{{interview de Roland Jacquard, président de l’Observatoire International du Terrorisme}}

Comment se constituent ces filières entre la France, l’Europe, la Syrie, l’Irak…

Essentiellement par les réseaux sociaux. Autrefois, c’était à la sortie des mosquées ou des écoles, désormais, c’est sur Facebook ou Twitter. Les jeunes filles sont recrutées par des annonces de type humanitaire : «On recherche jeunes filles pour s’occuper d’enfants torturés, maltraités, par le régime syrien…» Il y a aussi des sortes d’agences matrimoniales.
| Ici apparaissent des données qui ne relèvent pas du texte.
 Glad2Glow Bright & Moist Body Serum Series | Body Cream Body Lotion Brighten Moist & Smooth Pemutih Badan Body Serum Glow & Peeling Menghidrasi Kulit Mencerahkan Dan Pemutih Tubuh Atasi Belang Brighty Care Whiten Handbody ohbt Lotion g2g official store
Ce qui est impressionnant, c’est que depuis que le gouvernement a mis en place un numéro vert à destination des familles qui se posent des questions sur l’éventualité du recrutement de leurs enfants pour le jihad, ce sont 350 appels qui ont été reçus ! Les départs concernent 80 départements et les recrutés sont musulmans, mais aussi juifs, protestants, athées, catholiques…

Ces méthodes de recrutement ressemblent à celle des sectes ?
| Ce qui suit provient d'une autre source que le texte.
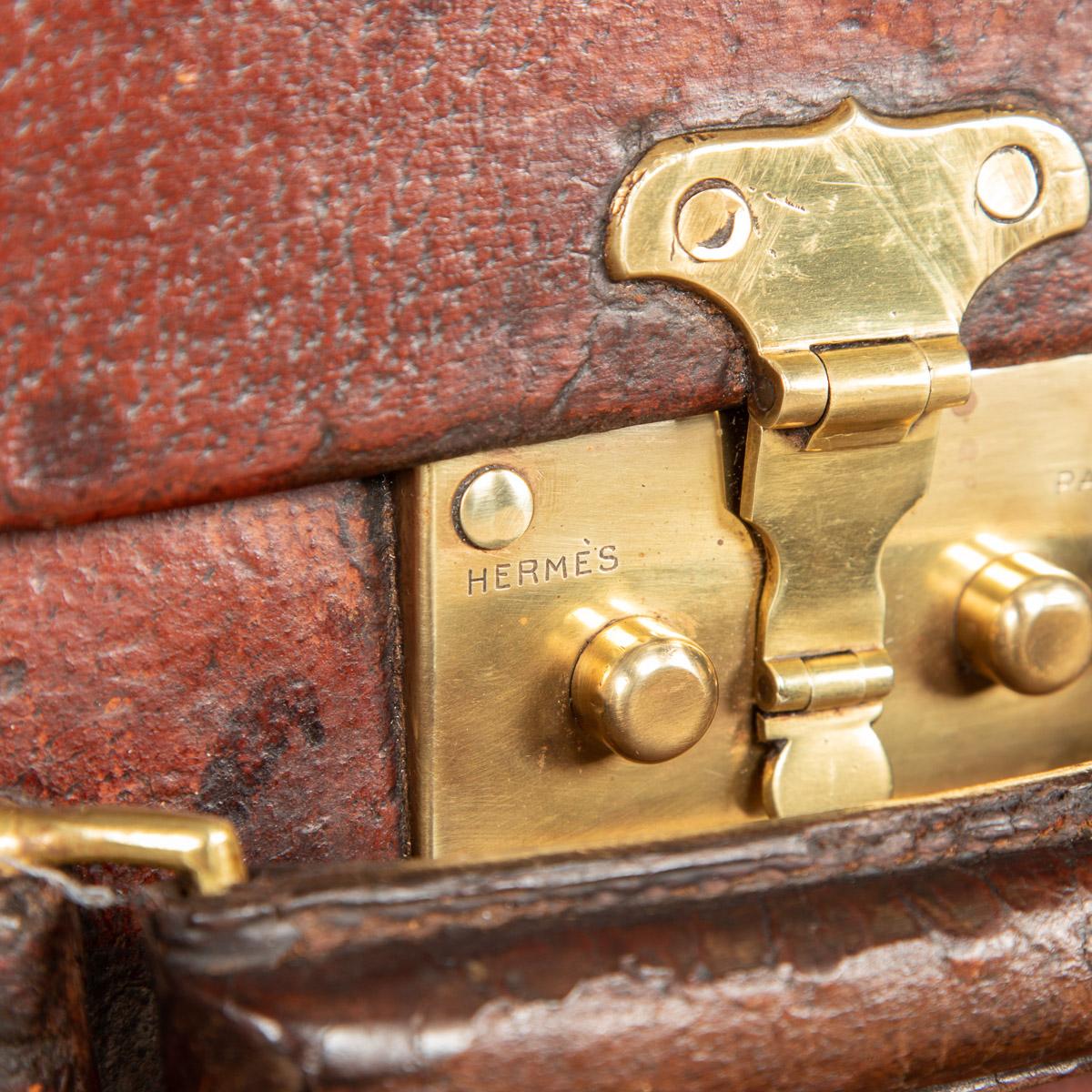 20th Century Hermes Leather Suitcase, Paris, c.1900 3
Exactement. Avec des gourous qui savent ce qu’ils ont à dire. Ils prennent du temps, savent détecter les personnes vulnérables, les jeunes isolés ou bien qui sont en rupture avec leur famille. Ils savent faire preuve de psychologie, et le moment voulu, font un lavage de cerveau.

Comment lutter contre ces filières de recrutement ?

C’est très difficile de lutter contre cette radicalisation. À partir du 15 septembre, on disposera d’une loi qui permet de lutter plus efficacement sur internet, il y aura une politique plus rigoureuse. Mais cette loi française comportera des restrictions qui sont liées à la liberté d’informer. De son côté, la Direction Centrale du Renseignement Intérieur (DCRI) va devoir recruter des ingénieurs spécialistes des réseaux sociaux. Car l’État Islamique est très en avance en la matière par rapport à d’autres organisations. Il faudra sensibiliser dans les écoles et surtout être très vigilant dans les prisons : c’est là que Nemmouche et Merah ont été recrutés ! Les surveillants ont beaucoup de mal à surveiller les conversations, qui passent par le wifi, les portables cachés… C’est l’autre champ de bataille.